• **Task to complete**
Copy out exactly the lines from the first line of the material below through the line containing "Hygge Sheets® Potty", and nothing beyond them.

+ + +

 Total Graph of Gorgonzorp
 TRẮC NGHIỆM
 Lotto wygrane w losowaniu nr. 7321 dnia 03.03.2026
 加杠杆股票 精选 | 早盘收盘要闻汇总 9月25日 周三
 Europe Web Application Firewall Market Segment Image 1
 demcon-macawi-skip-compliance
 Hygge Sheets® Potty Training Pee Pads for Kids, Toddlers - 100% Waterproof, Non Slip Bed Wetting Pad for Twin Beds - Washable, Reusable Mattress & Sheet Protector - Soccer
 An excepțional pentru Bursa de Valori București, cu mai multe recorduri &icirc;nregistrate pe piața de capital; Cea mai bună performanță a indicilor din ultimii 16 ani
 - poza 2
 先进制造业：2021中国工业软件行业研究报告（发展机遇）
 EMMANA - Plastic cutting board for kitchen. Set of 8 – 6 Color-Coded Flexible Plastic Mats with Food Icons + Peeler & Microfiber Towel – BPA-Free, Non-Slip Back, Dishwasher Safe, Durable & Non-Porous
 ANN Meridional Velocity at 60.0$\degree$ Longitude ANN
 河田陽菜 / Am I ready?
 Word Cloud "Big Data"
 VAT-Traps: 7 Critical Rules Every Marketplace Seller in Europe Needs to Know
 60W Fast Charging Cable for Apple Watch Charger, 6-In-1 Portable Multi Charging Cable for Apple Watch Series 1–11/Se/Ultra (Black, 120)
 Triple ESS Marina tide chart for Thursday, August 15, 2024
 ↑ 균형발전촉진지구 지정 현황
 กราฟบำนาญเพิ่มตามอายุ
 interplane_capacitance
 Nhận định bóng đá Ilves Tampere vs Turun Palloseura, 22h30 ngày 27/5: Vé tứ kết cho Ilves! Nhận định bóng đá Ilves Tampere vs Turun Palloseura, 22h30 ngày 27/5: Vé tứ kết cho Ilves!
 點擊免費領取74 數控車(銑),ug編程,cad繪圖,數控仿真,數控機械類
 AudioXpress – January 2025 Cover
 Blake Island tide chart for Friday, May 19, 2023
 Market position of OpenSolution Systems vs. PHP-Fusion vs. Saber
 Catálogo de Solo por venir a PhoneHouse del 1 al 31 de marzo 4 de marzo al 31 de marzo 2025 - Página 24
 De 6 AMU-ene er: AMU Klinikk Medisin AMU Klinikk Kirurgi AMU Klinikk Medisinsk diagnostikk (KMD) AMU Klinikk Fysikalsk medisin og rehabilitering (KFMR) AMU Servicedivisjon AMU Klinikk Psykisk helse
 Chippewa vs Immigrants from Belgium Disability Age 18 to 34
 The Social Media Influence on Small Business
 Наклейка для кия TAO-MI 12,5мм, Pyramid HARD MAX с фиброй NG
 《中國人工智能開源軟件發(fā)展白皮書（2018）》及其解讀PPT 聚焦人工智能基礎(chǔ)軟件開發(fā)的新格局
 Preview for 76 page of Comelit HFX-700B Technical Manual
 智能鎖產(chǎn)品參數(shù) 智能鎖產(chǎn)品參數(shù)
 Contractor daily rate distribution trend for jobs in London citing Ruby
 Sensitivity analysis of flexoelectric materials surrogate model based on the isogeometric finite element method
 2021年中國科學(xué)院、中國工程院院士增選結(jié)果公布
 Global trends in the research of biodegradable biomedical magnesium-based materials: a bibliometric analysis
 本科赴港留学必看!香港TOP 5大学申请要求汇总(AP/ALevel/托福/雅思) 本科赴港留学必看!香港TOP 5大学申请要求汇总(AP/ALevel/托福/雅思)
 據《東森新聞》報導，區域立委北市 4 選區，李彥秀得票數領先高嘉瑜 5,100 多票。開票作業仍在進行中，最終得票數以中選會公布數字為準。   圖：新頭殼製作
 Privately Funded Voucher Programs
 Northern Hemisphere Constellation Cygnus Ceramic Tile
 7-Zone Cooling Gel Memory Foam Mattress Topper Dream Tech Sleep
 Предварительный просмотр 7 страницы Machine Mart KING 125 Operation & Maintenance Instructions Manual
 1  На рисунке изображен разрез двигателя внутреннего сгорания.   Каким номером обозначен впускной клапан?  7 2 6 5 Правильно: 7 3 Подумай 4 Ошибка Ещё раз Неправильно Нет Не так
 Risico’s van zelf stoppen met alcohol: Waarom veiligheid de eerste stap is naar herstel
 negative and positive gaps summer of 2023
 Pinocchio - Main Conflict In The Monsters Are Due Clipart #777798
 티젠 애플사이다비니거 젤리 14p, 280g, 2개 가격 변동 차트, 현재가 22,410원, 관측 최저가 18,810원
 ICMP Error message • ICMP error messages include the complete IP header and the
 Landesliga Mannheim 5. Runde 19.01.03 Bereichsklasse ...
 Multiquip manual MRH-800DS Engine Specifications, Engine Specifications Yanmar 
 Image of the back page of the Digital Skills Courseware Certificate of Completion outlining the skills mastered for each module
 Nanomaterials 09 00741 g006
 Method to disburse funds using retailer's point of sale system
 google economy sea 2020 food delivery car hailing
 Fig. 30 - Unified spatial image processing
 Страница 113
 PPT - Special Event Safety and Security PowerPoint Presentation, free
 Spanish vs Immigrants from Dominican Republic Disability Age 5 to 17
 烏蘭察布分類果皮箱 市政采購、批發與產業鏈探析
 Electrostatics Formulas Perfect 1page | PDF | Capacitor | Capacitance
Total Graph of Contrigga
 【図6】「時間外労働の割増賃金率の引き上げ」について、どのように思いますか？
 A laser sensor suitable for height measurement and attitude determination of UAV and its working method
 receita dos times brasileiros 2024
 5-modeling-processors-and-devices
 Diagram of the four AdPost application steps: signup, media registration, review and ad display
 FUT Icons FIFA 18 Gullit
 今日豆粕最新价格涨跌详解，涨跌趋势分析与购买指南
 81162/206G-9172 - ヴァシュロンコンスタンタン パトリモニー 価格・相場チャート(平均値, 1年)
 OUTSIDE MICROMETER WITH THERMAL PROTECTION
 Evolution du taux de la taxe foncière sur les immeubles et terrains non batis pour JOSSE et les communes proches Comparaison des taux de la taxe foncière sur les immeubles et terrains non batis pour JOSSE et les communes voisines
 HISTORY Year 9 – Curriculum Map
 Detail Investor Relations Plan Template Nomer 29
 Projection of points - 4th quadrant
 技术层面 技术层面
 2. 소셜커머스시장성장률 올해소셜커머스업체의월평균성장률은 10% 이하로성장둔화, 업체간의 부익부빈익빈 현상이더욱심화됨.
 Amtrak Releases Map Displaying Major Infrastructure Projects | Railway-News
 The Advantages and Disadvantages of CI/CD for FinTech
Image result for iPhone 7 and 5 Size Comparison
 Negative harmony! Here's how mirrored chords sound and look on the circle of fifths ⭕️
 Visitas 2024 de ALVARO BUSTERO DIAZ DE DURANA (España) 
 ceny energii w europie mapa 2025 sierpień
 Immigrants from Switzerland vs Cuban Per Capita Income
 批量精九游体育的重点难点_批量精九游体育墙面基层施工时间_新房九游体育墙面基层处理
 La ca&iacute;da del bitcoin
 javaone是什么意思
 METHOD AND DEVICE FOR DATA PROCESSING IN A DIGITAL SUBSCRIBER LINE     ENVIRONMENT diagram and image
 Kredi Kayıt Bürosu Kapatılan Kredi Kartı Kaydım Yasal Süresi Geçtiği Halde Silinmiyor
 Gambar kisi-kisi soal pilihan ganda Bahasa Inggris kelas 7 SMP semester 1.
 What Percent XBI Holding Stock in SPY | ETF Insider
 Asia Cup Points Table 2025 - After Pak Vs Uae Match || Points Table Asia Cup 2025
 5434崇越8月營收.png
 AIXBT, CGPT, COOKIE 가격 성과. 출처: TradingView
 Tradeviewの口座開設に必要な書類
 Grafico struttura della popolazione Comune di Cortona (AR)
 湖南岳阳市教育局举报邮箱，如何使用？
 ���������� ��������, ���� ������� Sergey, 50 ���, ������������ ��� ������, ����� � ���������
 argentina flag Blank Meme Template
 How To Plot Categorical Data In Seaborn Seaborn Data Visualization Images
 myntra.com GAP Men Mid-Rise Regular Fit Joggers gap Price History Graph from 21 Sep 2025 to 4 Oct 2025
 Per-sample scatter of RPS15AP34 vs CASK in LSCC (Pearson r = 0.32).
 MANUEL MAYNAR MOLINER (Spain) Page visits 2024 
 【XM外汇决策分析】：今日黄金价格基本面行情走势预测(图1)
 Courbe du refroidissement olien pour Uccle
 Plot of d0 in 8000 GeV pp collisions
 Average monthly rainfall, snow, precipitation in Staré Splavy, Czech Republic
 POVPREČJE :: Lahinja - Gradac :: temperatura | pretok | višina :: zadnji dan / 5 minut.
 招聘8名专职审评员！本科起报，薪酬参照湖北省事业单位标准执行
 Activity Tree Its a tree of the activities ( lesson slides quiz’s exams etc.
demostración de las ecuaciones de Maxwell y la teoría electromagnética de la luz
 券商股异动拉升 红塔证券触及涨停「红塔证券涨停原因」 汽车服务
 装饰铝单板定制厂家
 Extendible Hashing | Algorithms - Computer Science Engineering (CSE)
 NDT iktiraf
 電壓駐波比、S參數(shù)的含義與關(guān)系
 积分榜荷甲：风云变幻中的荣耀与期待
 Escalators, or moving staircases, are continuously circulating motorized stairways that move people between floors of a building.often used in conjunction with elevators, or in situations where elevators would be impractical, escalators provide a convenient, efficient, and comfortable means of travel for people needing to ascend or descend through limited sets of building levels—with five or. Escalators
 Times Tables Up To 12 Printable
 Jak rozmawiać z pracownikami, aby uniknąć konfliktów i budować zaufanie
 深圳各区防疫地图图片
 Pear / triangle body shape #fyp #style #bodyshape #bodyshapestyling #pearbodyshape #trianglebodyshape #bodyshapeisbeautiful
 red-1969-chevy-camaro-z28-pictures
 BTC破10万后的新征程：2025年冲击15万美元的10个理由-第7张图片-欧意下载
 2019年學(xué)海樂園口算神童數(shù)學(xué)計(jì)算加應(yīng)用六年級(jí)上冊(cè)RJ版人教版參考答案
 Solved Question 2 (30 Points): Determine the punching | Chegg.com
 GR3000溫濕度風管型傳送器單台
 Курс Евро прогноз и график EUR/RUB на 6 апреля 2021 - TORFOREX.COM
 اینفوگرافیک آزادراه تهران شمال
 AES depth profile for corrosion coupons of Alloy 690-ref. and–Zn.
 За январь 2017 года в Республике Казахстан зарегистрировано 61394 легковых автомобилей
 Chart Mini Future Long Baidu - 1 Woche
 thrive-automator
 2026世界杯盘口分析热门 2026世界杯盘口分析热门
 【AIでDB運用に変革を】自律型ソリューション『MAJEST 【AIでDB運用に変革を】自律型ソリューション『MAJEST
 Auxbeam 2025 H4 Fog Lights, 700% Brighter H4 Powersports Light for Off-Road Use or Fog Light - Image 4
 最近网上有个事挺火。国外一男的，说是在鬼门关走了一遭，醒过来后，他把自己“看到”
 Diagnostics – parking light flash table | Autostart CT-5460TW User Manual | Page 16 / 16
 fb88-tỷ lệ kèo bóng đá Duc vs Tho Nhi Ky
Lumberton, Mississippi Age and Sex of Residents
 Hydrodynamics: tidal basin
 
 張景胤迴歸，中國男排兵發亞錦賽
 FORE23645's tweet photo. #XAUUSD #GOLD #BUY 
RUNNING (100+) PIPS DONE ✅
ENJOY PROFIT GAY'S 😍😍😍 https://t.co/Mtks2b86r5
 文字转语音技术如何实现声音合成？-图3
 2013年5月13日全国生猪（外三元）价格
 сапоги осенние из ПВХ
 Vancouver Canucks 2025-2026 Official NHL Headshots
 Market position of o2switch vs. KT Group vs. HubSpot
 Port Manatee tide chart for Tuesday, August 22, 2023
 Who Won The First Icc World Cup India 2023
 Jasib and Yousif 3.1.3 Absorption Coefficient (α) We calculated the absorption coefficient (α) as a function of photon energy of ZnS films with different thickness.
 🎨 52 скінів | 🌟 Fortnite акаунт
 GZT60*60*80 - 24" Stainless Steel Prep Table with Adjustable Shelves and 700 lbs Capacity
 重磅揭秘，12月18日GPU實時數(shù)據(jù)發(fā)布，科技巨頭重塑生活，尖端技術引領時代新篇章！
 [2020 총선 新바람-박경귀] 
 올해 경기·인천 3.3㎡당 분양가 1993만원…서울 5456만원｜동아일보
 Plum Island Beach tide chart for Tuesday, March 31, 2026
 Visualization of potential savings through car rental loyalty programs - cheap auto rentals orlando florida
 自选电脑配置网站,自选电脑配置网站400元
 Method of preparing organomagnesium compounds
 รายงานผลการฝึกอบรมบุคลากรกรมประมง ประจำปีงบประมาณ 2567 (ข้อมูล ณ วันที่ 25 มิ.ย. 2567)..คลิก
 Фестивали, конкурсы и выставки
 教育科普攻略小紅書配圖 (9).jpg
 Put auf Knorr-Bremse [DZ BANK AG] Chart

+ + +

• **Written reply**
 Total Graph of Gorgonzorp
 TRẮC NGHIỆM
 Lotto wygrane w losowaniu nr. 7321 dnia 03.03.2026
 加杠杆股票 精选 | 早盘收盘要闻汇总 9月25日 周三
 Europe Web Application Firewall Market Segment Image 1
 demcon-macawi-skip-compliance
 Hygge Sheets® Potty Training Pee Pads for Kids, Toddlers - 100% Waterproof, Non Slip Bed Wetting Pad for Twin Beds - Washable, Reusable Mattress & Sheet Protector - Soccer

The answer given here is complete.